Initial state sequences come from Trace processing’s output or from external ASCII files.

In the first case, you can skip this step and go directly to the next one.

In the second case, a new trajectory-based project must be created. This implies to import the trajectory files, register the associated experiment settings and define the data structure in the files. After the project creation is completed, it is recommended to save it to a .mash file that should regularly be overwritten in order to keep traceability and access to the results.

Informing MASH about the particular experiment settings is crucial to adapt the software functionalities to your own experiment setup. In theory, the software is compatible with:

  • an unlimited number of video channels,
  • an unlimited number of alternated lasers,
  • FRET calculations for an unlimited number of FRET pairs.

To create a new trajectory-based project:

  1. Open the experiment settings window by pressing New project in the project management area and selecting import trajectories.

  2. Import a set of trajectory files and define your experiment setup by configuring tabs:

    Import
    Channels
    Lasers
    Calculations
    Divers

    If necessary, modify settings in Calculations and Divers any time after project creation.

  3. Define how data are structured in the files by configuring tab File structure; in particular, activate and configure the import of FRET state sequences.

  4. Finalize the creation of your project by pressing Save; the experiment settings window now closes and the interface switches to module Transition analysis.

  5. Save modifications to a .mash file by pressing Save project in the project management area.


Build transition density plot

In a transition density plot (TDP), a transition from a state i associated with the value vali to a state i associated with the value vali’ is represented as a point with coordinates ( vali;vali’ ).

To build a TDP, state values vali in trajectories are first limited to specific boundaries, and then, transitions ( vali;vali’ ) are sorted into bins of specific size.

Ideally, transitions involving similar states assemble into clusters in the TDP: the identification of these clusters, e. g. by clustering algorithms, is crucial to determine the overall state configuration.

The bin size has a substantial influence on the cluster shapes: large bins will increase the overlap between neighbouring clusters until the extreme case where all clusters are merged in one, whereas short bins will spread out the clusters until the extreme case where no cluster is distinguishable.
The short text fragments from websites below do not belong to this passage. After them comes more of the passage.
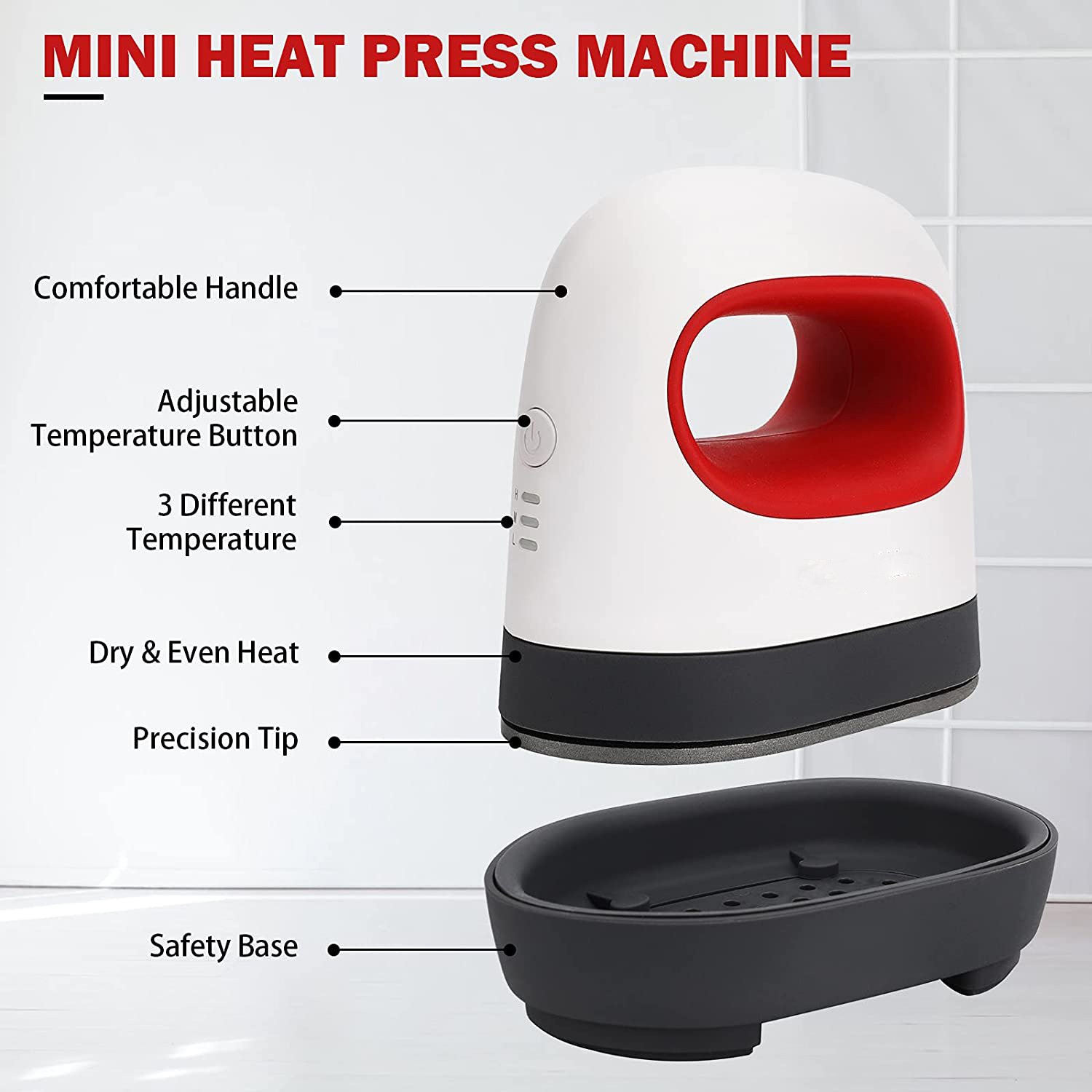 DMSC3 Small Portable Electric Iron Mini Heat Press Machine for T-shirt DIY Logo Transfer Printing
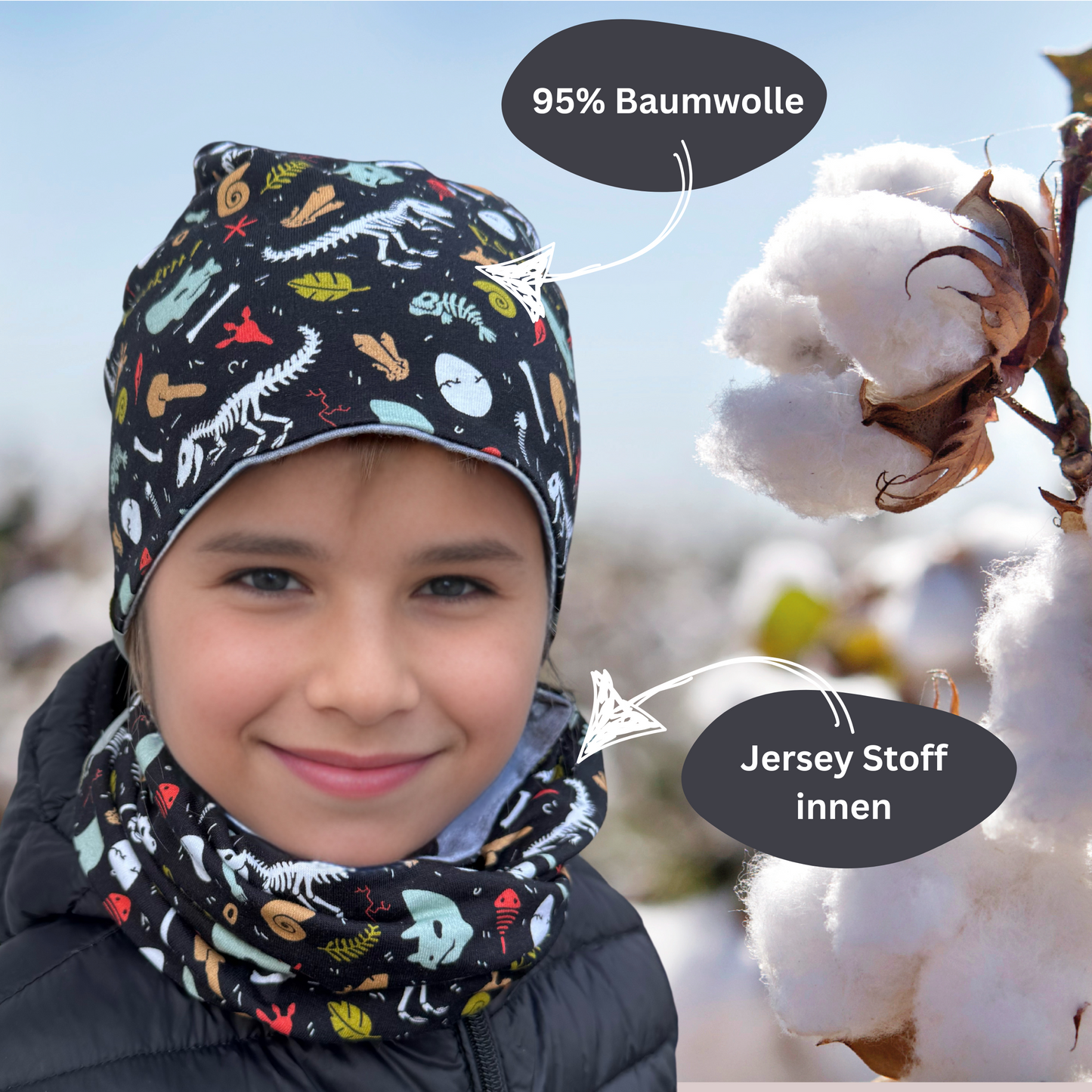 Kinder Beanie Mütze & Loop Set - Dino Knochen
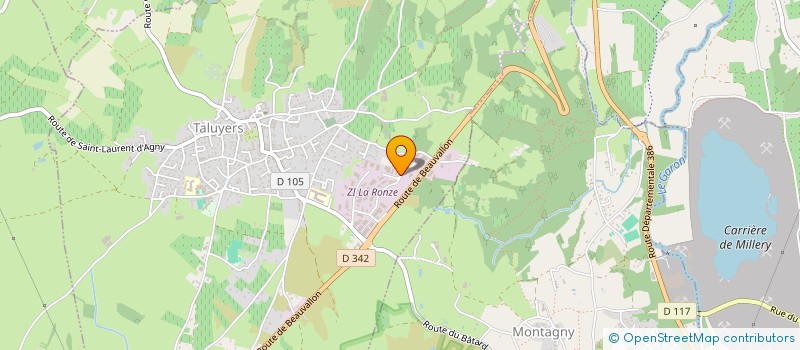 localisation de l'entreprise ATELIER JANTES FCA MONTS DU LYONNAIS  TALUYERS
TDP boundaries are important as they define the range of data considered for analysis. Large data ranges can include outliers that would bias the state analysis and narrow ranges can exclude relevant contribution for state transition rate analysis.
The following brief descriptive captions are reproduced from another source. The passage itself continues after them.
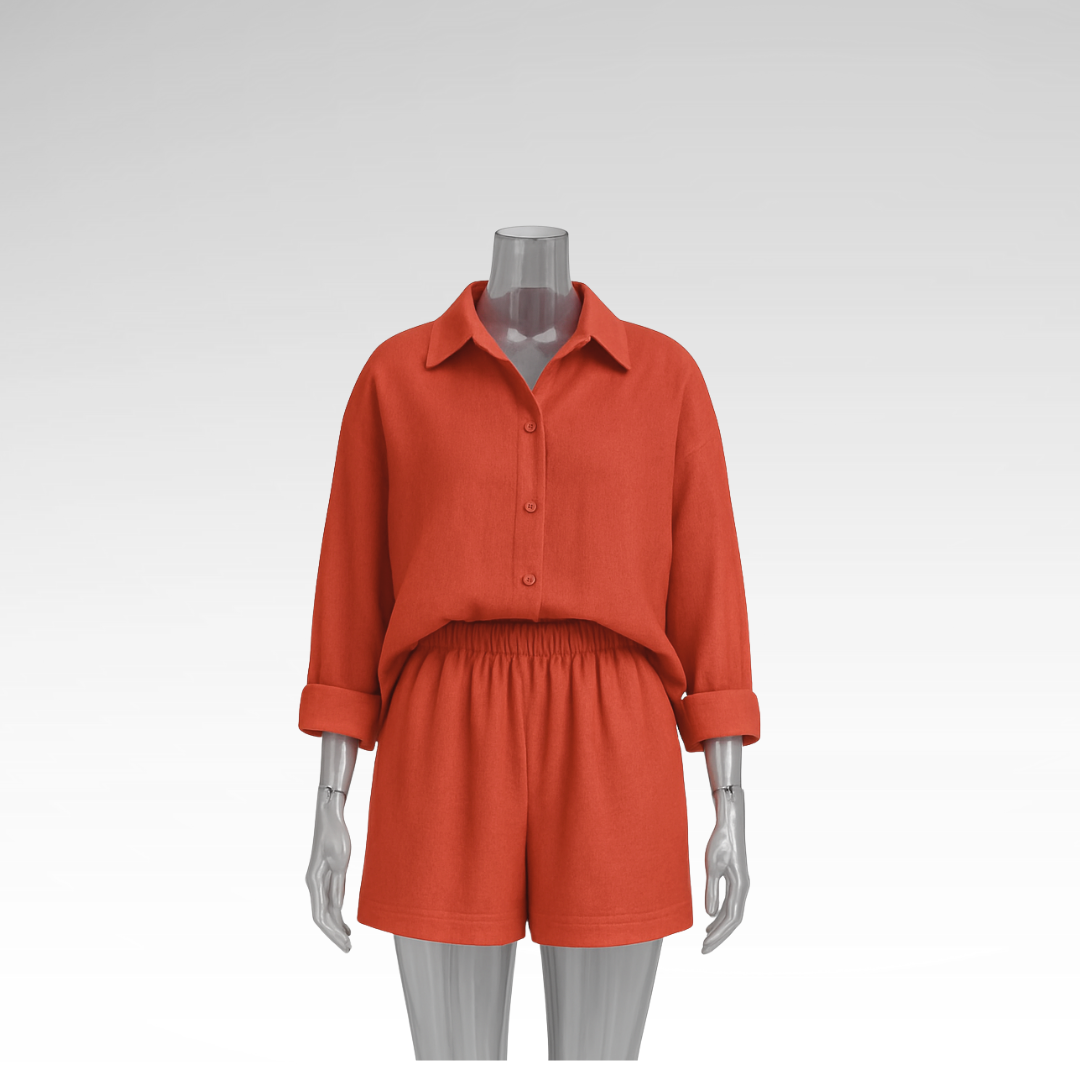 Ensemble chemise et short en coton confortable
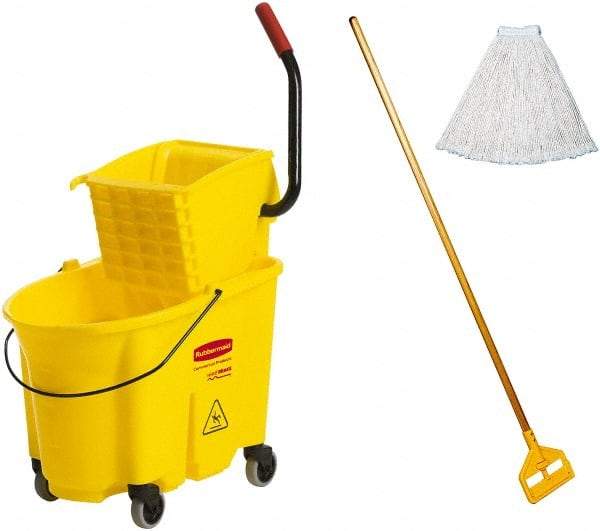 Rubbermaid - 35 Qt Plastic Bucket & Wringer - Yellow - Best Tool & Supply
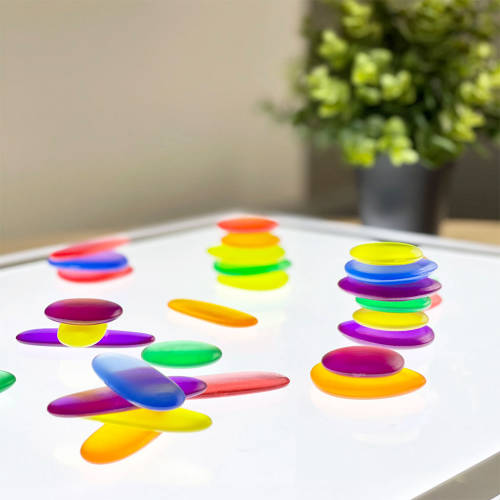 EDX Education | Junior Rainbow Pebbles - Translucent Colours 36 pcs - STEAM Kids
When setting bounds to the TDP, the states laying out-of-TDP-ranges are ignored from the building process. To later work with state trajectories and dwell times consistent with what is seen in the TDP, state trajectories can be re-arranged by suppressing these outliers and linking the neighbouring states together.
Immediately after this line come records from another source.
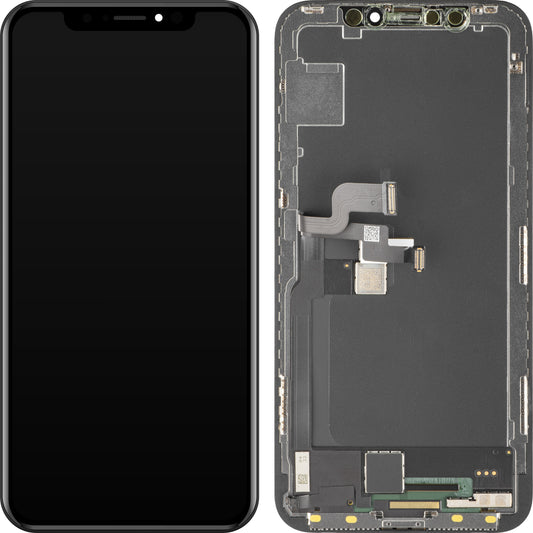Display con Touchscreen MP compatibile con Apple iPhone X, con Cornice, Versione Soft OLED FHD, Nero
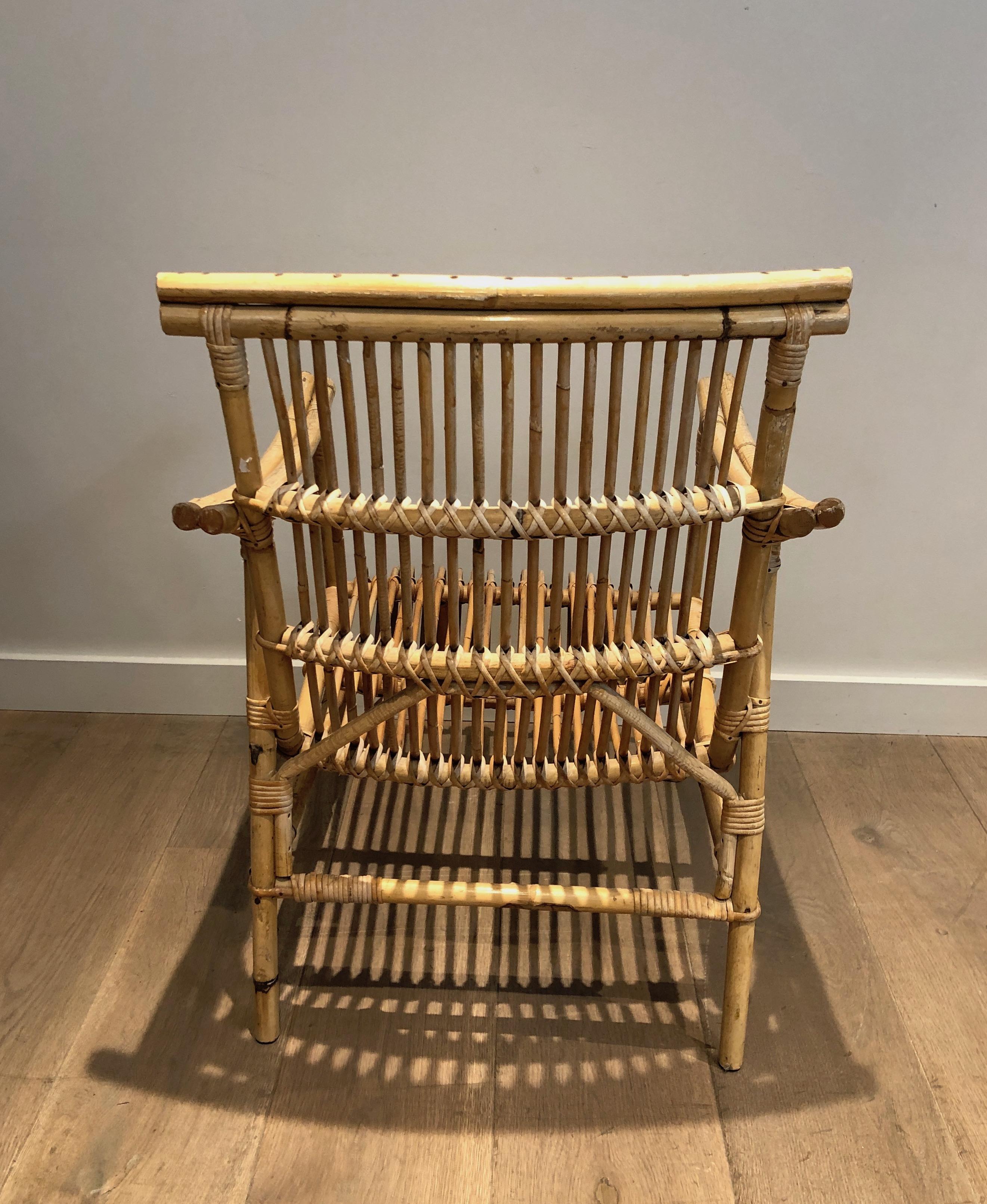 Pair of Rattan Armchairs. French Work, circa 1950 For Sale 5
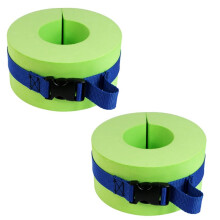 1 Pair Foam Swim Aquatic Cuffs, Green EVA Float Ankle & Arm Belts with Quick-Release Buckle for Water Fitness Training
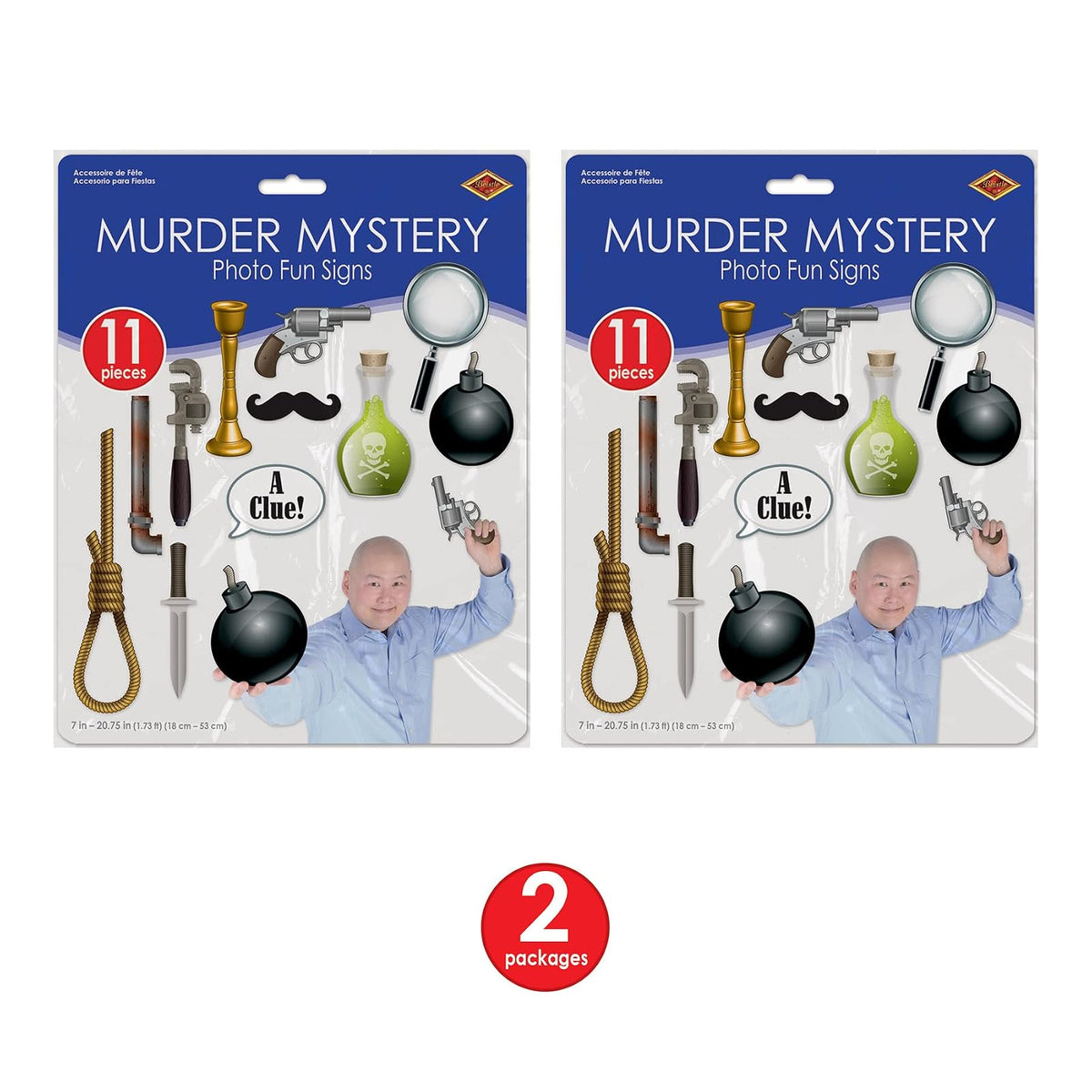 Beistle 53397 - Señal de foto de misterio de asesinato, 7"-203⁄4", multicolor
TDP limits and bin size have to be carefully chosen in order to make transition clusters visible and sufficiently separated.

Effect of bin size on TDP

The regular way of sorting transitions into bins, i.e., summing up transition counts, will systematically favour state transitions that occur the most in trajectories at the expense of rarely occurring state transitions. For instance, rapid interconversion of two states will appear as intense clusters whereas irreversible state transitions might be barely visible.

One way of scaling equally the two type of clusters is to assign a single transition count per trajectory, regardless the amount of times it occurs in the trajectory. In this case, the resulting TDP maps the state configurations of single molecules and exclude the contribution of state kinetics.

Transition clusters are easier identified by eyes and by clustering algorithms if a Gaussian filter is applied to the TDP. This has for effect to smooth the cluster’s edges and to enhance the Gaussian shape of their 2D-profile.

TDP processing

As the TDP is built out of state1-to-state2 transitions, static state sequences are naturally not represented and the corresponding state might therefore be omitted in the final cluster configuration.

Static state sequences, and more generally last states of each sequence, can be represented as a state1-to-state1 “transition”, i.e, on the state1=state2 diagonal of the TDP, and thus participate to TDP clustering.

Include last state in sequences

To build the TDP:

  1. Select the data and molecule subgroup to analyze in the Data list and Tag list, respectively

  2. Set parameters:

    Bounds and bin size
    Include static molecules
    Single count per molecule
    Re-arrange sequences
    Gaussian filter

  3. Update the TDP and display by pressing Update.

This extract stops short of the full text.